Una noche de marzo, durante mi segundo año en la universidad, estaba solo en mi habitación después de cenar. Durante todo el día, el calor había producido el deshielo, los jardines se habían enfangado y pequeños riachuelos de agua oscura borboteaban alegremente por las calles, manando de los viejos montículos de nieve. Tenía la ventana abierta y el viento que soplaba con olor a tierra me había vuelto indolente. En el horizonte de la pradera, por donde se había puesto el sol, el cielo tenía un tono azul turquesa, como un lago, y palpitaban en él los dorados reflejos de la luz. Más arriba, en la claridad absoluta del Oeste, colgaba el lucero vespertino como una lámpara suspendida de cadenas de plata, como la lámpara grabada en las cubiertas de los viejos textos latinos, que aparece siempre en cielos nuevos y despertando nuevos deseos en los hombres. En cualquier caso, me recordó que debía cerrar la ventana y encender la mecha de mi lámpara. Lo hice con pesar, y los objetos borrosos de la habitación emergieron de las sombras para ocupar su sitio a mi alrededor con la eficacia que genera la costumbre.
Abrí el libro y contemplé con desgana la página de Geórgicas donde empezaba la lección del día siguiente. Se iniciaba con la melancólica reflexión de que, en la vida de los mortales, los mejores días son los primeros en huir. «Optima dies… prima fugit.» Volví al principio del tercer libro, que habíamos leído en clase por la mañana. «Primus ego in patriam mecum… deducam Musas»; «pues seré el primero, si vivo, en llevar a mi patria a la Musa». Cleric nos había explicado que aquí «patria» no se refería a una nación, ni siquiera a una provincia, sino a la pequeña población rural, situada junto al Mincio, donde el poeta había nacido. No era presunción, sino la esperanza, audaz y fervientemente humilde, de que podría llevar a la Musa (que acababa de llegar a Italia desde las nubosas cimas de Grecia), no a la capital, los palatia Romana, sino a su patria chica, a los campos de su padre, «que descienden hasta el río y las viejas hayas con las copas truncadas».

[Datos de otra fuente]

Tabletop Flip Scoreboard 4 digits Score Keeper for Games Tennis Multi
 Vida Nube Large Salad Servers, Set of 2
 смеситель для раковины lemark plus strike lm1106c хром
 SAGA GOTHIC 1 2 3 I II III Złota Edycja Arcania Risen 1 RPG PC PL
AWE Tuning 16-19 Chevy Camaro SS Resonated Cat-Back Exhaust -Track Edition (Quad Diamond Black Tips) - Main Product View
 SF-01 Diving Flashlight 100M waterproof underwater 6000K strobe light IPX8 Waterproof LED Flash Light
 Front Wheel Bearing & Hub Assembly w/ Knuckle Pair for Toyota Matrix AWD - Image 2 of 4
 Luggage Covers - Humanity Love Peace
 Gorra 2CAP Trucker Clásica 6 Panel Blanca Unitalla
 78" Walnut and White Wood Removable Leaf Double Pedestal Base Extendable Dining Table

Cleric opinaba que sin duda Virgilio había recordado aquel pasaje cuando se hallaba en Brindisi, moribundo. Después de enfrentarse con la amarga realidad de que iba a dejar inacabada su Eneida y de decretar que aquel gran fresco atestado de figuras de dioses y hombres debía ser quemado antes que sobrevivirle a él imperfecto, sus pensamientos debieron de retroceder a la perfecta ejecución de las Geórgicas, donde la pluma ahondaba en el tema como el arado en el surco, y debió de decirse a sí mismo, con el agradecimiento de un hombre bueno: «Yo fui el primero en llevar a la Musa a mi patria».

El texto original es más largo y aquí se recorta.